Côté punition, les choses n'ont guère avancé non plus. La responsabilité des dirigeants de l'époque d'Union Carbide ne fait de doute pour personne à Bhopal. Le docteur Satpathy, médecin légiste de la ville au début des années 1980, raconte comment le médecin chef d'Union Carbide avait refusé de donner toute information sur la composition du gaz susceptible d'aider à soigner les victimes. Au-delà, c'est l'imbroglio juridique le plus complet. Ucil, la filiale indienne d'Union Carbide qui opérait l'usine, a ensuite été vendue à un groupe indien et rebaptisée « Eveready ». Union Carbide lui-même a été racheté en 2001 par le groupe américain Dow Chemical. Le terrain et l'usine appartiennent désormais au gouvernement du Madhya Pradesh. Du coup, tout le monde se renvoie la balle devant les tribunaux saisis tant en Inde qu'aux Etats-Unis. Dow Chemical, en particulier, refuse toute responsabilité dans un drame survenu bien avant qu'il ne prenne le contrôle d'Union Carbide, d'autant qu'un accord censé être définitif a été signé en 1989 entre le gouvernement indien et UC : en échange d'un versement de 470 millions de dollars par ce dernier, toutes les poursuites devaient être abandonnées.

Dans la pratique, rien n'est réglé. Plusieurs procédures judiciaires sont en cours. Le gouvernement de Delhi demande notamment à la Cour suprême de remettre en cause l'accord de 1989 pour obtenir de tous les groupes concernés des indemnités très supérieures : 1,2 milliard de dollars et peut-être beaucoup plus. A la demande des activistes, le gouvernement indien a accepté à la mi-novembre de revoir fortement à la hausse les estimations du nombre de victimes et donc des indemnisations. Selon Rachna Dhingra, coordinatrice du Bhopal Group for Information and Action, c'est plus de 8 milliards de dollars que devraient payer les entreprises.

Passivité des autorités locales

Extrêmement actives à l'encontre de ces dernières, les associations et ONG semblent moins revendicatives vis-à-vis du gouvernement du Madhya Pradesh et de celui de New Delhi, en dépit de leur passivité totale pour le nettoyage du site.

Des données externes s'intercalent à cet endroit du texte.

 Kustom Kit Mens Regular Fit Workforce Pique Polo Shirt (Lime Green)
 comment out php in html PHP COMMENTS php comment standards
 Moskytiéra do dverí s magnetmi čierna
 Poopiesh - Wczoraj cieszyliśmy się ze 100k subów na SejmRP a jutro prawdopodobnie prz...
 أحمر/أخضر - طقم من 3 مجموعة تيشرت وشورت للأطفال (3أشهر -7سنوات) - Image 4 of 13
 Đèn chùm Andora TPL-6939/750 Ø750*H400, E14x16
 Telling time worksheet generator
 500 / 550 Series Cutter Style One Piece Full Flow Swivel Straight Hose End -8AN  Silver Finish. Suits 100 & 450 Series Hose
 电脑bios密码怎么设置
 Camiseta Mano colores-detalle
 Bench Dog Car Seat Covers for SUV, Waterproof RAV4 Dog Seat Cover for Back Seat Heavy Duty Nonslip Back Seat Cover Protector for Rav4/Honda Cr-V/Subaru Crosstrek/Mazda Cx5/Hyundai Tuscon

En 2005, pourtant, la Haute Cour du Madhya Pradesh a sommé le gouvernement de commencer immédiatement (c'est-à-dire vingt et un ans après la catastrophe) à traiter les déchets toxiques, indépendamment de la détermination des responsabilités (les entreprises reconnues responsables pouvant toujours se voir adresser la facture par la suite). Un raisonnement de bon sens qui ne rencontre curieusement guère d'écho à Bhopal. T. R. Chouhan, qui travaillait pour Union Carbide en 1984 et fait partie aujourd'hui du département de l'Industrie de l'Etat du Madhya Pradesh, consacre les deux heures que dure la visite du site à la dénonciation de la passivité d'Union Carbide et de Dow Chemical, mais ne semble pas imaginer une seconde que son employeur actuel puisse se charger du travail…

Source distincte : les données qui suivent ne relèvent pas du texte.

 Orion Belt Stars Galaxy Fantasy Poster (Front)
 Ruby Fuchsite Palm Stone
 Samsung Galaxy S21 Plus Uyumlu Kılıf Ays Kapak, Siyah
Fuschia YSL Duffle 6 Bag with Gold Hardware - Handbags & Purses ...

Pour les associations, faire condamner les groupes industriels est un objectif majeur, plus que faire reconnaître la part de responsabilité des autorités indiennes (même si Amnesty, par exemple, affirme viser tout autant ces dernières que les entreprises). Quant à la population locale, sa relative passivité vis-à-vis des pouvoirs publics tient au fait qu'elle les estime « complètement incapables de prendre en charge le nettoyage du site, qui requiert des compétences spécifiques », affirme Usha Ramanathan, juriste indépendante, qui a beaucoup travaillé sur Bhopal.

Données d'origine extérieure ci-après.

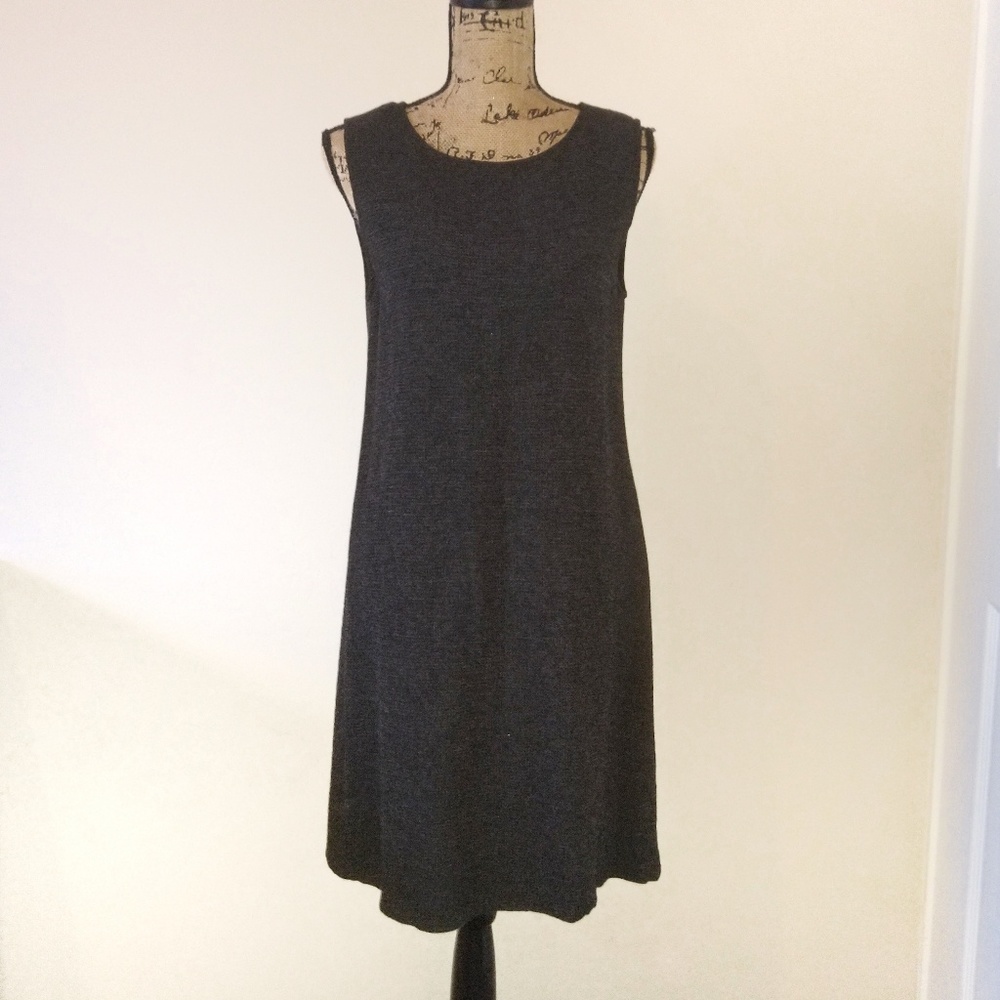 EILEEN FISHER | Waffle Knit Sleeveless Dress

Théoriquement interdit d’accès, le site est utilisé pour faire paître des chèvres et sert de terrain de jeux
aux enfants des bidonvilles.


Quelques rescapés évoquent leurs souvenirs dans les jardins du centre de crémation de Bhopal

Plus généralement, le drame de 1984 a certes suscité quelques réactions positives de la société indienne. D'une certaine façon, « la catastrophe est à l'origine de toute notre législation sur l'environnement », analyse M. Rajshekhar, spécialiste du domaine au quotidien « The Economic Times ». Plusieurs textes sur les activités industrielles dangereuses ont été introduits, la responsabilité en cas d'accident a été étendue aux dirigeants d'un groupe, pas seulement à ceux du site concerné. Un « effet Bhopal » s'est même fait sentir dans le vote en 2010 par le Parlement indien d'une loi sur la responsabilité civile des fournisseurs d'équipement pour les centrales nucléaires. Contrairement aux normes internationales, leur responsabilité peut être engagée de façon illimitée en cas d'accident. Une disposition très stricte adoptée à la suite de l'engagement actif d'élus du Madhya Pradesh soucieux d'éviter un « Bhopal nucléaire ». Mais cette exigence a un effet inattendu : la loi est jugée tellement sévère par les fournisseurs que pas un seul contrat de centrale nucléaire n'a pu être signé depuis son adoption…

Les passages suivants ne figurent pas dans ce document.